- Exercise aim: Every line in the data below from the one containing "Aug 24, 2018 chart & commentary" down to the one containing "选对SaaS管理平台事半功倍：2026年6大热门工具深度对比", both included, must be retyped exactly; no other line is to appear.
[Given data — start]
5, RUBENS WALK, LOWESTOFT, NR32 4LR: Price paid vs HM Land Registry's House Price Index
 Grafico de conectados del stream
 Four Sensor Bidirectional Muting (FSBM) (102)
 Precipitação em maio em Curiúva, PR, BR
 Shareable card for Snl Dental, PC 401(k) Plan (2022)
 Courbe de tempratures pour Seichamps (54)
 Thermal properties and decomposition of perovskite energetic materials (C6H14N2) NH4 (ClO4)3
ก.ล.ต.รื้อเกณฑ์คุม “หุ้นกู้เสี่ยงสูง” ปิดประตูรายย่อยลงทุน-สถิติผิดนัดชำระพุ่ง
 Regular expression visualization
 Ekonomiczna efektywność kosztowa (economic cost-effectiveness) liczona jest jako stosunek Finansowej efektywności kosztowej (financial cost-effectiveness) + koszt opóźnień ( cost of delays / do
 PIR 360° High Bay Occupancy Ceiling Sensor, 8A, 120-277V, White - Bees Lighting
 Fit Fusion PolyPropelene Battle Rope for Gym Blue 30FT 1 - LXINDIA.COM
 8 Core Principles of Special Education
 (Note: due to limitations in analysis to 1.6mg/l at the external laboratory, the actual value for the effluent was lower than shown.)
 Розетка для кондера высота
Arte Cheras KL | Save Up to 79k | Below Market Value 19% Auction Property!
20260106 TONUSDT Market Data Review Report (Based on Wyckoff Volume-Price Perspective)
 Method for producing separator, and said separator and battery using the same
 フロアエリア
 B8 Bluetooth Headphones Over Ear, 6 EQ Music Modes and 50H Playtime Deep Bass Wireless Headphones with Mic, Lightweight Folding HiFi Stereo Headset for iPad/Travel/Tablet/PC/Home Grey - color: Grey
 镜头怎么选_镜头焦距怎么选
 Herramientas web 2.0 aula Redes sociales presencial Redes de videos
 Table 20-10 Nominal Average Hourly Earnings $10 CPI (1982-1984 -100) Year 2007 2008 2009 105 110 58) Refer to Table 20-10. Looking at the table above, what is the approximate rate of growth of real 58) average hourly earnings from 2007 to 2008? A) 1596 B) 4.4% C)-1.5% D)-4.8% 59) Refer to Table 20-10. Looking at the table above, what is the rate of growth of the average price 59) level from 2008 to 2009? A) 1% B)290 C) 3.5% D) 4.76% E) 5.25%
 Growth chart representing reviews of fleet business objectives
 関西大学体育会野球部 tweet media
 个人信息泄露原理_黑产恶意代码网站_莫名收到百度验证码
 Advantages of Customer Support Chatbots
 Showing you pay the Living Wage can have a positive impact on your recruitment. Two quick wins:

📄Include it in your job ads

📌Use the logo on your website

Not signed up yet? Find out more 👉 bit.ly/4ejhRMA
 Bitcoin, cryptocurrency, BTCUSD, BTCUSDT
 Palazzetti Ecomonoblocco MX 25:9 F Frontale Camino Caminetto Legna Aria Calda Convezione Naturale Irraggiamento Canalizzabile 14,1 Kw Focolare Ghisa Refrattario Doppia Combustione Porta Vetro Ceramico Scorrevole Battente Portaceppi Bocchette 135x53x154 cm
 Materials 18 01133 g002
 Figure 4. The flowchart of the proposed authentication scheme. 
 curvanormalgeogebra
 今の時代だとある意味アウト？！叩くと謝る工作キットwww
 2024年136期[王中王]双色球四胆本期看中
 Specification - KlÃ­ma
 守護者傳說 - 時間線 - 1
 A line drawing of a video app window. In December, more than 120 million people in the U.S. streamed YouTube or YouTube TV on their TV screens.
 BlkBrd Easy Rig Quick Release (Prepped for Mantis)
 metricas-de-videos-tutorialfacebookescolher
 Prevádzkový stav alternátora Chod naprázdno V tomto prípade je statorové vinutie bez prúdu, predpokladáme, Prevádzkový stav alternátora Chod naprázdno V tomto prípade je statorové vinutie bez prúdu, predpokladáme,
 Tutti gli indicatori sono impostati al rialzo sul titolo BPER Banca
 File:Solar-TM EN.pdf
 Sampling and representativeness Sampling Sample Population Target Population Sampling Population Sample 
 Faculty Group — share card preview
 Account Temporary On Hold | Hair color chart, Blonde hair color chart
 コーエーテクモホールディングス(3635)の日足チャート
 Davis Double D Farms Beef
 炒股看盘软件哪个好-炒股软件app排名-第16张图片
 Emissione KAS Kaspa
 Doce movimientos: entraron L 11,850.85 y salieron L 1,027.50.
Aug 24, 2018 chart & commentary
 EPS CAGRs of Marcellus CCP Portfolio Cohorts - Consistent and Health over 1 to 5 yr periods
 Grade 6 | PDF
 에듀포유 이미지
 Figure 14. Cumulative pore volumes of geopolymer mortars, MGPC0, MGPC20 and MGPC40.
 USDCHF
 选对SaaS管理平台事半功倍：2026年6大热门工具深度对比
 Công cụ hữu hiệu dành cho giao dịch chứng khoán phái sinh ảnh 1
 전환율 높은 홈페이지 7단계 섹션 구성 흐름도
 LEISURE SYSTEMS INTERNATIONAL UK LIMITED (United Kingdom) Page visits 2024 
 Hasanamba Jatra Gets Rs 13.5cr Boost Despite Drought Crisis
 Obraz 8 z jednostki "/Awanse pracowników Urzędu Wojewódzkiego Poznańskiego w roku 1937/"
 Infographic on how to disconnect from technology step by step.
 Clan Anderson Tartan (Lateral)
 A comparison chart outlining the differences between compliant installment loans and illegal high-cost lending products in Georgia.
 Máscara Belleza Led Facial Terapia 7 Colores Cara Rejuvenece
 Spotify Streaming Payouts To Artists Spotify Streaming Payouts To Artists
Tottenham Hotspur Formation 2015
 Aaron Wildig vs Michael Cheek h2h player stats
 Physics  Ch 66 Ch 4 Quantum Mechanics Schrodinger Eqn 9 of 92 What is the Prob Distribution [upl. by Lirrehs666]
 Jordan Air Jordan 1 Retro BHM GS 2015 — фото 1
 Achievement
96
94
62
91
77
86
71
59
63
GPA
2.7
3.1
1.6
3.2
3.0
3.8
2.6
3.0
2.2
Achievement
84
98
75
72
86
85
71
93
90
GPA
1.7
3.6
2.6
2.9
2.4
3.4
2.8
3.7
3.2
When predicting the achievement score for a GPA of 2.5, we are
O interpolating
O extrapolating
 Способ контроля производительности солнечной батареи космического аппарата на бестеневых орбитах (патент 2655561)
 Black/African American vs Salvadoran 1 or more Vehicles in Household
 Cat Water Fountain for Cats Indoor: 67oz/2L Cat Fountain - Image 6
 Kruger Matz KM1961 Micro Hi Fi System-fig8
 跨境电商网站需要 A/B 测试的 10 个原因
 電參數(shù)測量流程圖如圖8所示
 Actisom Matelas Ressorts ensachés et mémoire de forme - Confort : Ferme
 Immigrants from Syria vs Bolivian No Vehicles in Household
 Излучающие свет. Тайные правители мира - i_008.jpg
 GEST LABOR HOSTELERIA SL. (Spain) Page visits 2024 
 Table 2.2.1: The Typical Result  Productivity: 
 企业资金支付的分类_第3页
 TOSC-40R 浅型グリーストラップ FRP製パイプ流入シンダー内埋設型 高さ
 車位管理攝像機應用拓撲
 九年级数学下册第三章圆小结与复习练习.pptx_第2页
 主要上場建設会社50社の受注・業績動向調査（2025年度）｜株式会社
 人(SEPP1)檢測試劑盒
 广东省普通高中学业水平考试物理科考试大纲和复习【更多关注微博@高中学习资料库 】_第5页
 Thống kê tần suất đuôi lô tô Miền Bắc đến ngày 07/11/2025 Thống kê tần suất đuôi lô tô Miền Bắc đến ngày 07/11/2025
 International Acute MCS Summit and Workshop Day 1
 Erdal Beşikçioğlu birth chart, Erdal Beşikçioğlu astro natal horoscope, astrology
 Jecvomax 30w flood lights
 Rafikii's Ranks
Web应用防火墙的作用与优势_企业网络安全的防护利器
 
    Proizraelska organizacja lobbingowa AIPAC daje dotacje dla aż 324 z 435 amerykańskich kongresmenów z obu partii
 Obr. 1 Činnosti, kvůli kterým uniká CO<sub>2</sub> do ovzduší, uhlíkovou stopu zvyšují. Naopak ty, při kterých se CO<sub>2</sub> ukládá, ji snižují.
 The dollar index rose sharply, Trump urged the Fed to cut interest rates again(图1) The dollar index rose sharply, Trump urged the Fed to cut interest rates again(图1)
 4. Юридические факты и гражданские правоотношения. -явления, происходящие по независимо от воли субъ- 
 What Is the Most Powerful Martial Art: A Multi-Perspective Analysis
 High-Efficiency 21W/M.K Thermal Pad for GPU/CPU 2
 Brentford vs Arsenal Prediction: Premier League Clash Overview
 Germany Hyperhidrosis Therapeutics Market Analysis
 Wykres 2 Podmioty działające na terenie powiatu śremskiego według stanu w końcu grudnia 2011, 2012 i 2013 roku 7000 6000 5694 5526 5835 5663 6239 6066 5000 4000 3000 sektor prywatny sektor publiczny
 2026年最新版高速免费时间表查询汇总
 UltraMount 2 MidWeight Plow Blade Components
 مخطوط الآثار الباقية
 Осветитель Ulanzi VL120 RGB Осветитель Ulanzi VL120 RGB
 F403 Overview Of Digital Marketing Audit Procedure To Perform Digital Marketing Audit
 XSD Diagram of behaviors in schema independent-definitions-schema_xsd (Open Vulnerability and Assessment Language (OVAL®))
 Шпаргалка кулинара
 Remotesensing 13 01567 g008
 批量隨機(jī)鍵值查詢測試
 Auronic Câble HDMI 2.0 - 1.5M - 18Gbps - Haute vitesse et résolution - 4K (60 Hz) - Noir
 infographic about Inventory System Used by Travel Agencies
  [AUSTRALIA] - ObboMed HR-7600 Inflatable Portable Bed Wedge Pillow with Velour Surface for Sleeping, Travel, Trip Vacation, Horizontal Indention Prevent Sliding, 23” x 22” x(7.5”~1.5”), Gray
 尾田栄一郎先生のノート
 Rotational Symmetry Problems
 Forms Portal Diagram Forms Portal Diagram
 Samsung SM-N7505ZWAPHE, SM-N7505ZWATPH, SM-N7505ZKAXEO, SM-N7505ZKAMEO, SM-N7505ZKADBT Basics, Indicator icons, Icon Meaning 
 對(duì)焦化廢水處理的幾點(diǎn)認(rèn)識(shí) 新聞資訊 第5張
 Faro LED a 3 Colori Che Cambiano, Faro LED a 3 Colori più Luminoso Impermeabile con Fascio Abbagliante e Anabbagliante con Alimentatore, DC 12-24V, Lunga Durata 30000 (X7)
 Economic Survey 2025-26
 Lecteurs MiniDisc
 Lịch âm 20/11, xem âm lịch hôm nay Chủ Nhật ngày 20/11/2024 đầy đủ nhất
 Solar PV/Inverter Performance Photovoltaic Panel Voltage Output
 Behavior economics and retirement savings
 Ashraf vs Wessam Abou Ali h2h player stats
[Given data — finish]
- Answer to the exercise:
Aug 24, 2018 chart & commentary
 EPS CAGRs of Marcellus CCP Portfolio Cohorts - Consistent and Health over 1 to 5 yr periods
 Grade 6 | PDF
 에듀포유 이미지
 Figure 14. Cumulative pore volumes of geopolymer mortars, MGPC0, MGPC20 and MGPC40.
 USDCHF
 选对SaaS管理平台事半功倍：2026年6大热门工具深度对比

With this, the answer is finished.